Lembro que discutimos a criação de uma Agência de Desenvolvimento do Recôncavo, como uma ação complementar que permitiria à UFRB se constituir mais e mais numa “multiversidade”, justamente para promover estudos e propostas de políticas públicas sobre questões como essas. O apoio de ministérios como o da Cultura e Transportes e a Petrobrás a esse projeto de Agência de Desenvolvimento contribuiu para que o MEC, inclusive, disponibilizasse mais cargos de direção para a UFRB em relação às outras instituições criadas no mesmo período que nós. Com o tempo, estabelecemos outras prioridades e desistimos desse caminho.

Somos uma liderança consolidada e reconhecida pelos pares para estabelecer instrumentos capazes de congregar a UFBA, a UNEB, a UNILAB, o IFBA, o IFBAIANO e a UEFS em torno de projetos para o Recôncavo por meio de propostas como essa Agência que ficou no meio do caminho. São sete instituições públicas de ensino superior no entorno da baía que por muito tempo foi o centro real do Império Português. Excluindo-se Salvador, essas instituições possuem quinze campi nessa região histórica e é razoável considerar que a UFRB deve se responsabilizar pela articulação entre elas para o desenvolvimento de ações conjuntas sobre o Recôncavo.

Esse sentimento do Recôncavo como um lugar especial, de ancestralidade, da diversidade cultural, da “pedra pisada de preto, luso, banto, sudanesa”, do lugar do povo que efetivamente construiu o Brasil “e ainda produziu milagres de fé no extremo ocidente”, não pode se esvair do nosso projeto institucional. Assumimos desde sempre um lugar de uma universidade regional, mas estamos nos distanciando dos  exemplos institucionais desses modelos de universidade. O nosso projeto civilizatório precisa ter uma base local e isso precisa ser retratado em ações institucionais profundas.

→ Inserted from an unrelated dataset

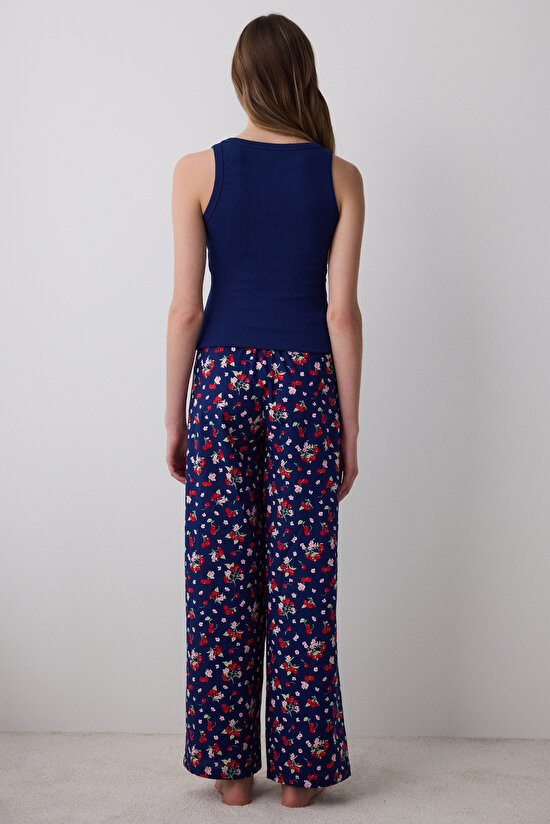 Cherries Pantolon Lacivert Pijama Takımı Cherries Pantolon Lacivert Pijama Takımı - 6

Não devemos nos conformar, como em muitas universidades, em uma estrutura que deixa esses esforços, de forma relativamente dispersa, aos seus professores, técnicos-administrativos e estudantes, relegando às instâncias coletivas superiores um papel secundário e, portanto, incapazes de articular essas ações.

Há pouco tempo, no início da nossa história, conseguimos contaminar as instâncias de poder de amplo espectro ideológico sobre o papel estratégico que poderíamos desempenhar no Recôncavo e a nossa existência passou a ser a garantia para inúmeras ações nesse território. Precisamos assumir mais e mais essa posição e não nos afastar dela: O nosso desafio tem que ser a busca pela transformação radical do nosso lugar, assumindo que o local protópico criado e transformado poderá servir de inspiração para a transformação em outros locais.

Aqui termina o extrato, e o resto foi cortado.